━━━━━ Material to process

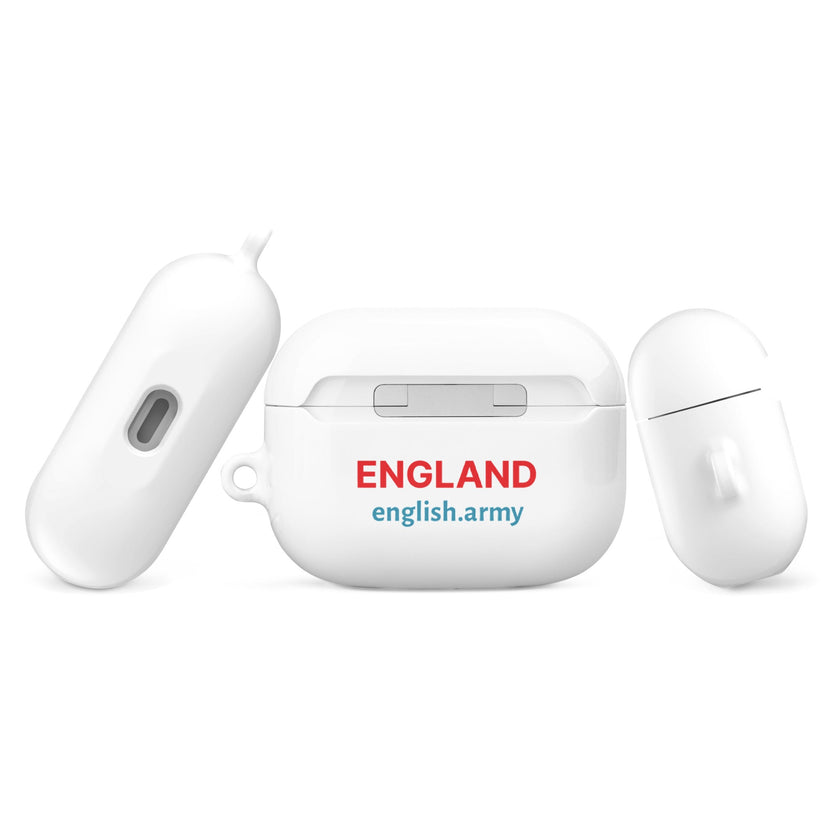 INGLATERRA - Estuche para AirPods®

━━━━━━━━━━
━━━━━ Material to process

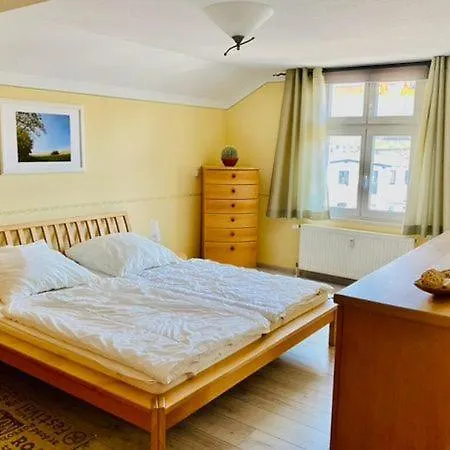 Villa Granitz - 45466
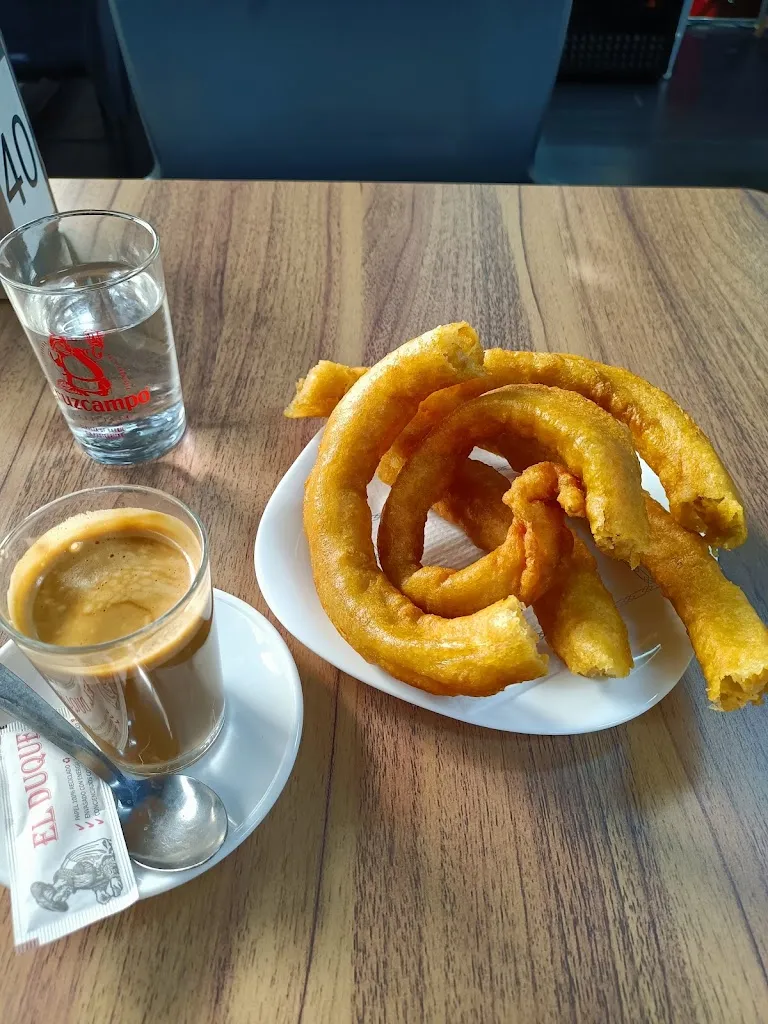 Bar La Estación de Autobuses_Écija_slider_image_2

━━━━━━━━━━

What needs to be done: An exact copy of the lines above from the one with "Villa Granitz - 45466" up to and including the one with "Bar La Estación" is required; reproduce only those lines, omitting all pictures.

Completed task:
 Villa Granitz - 45466
 Bar La Estación de Autobuses_Écija_slider_image_2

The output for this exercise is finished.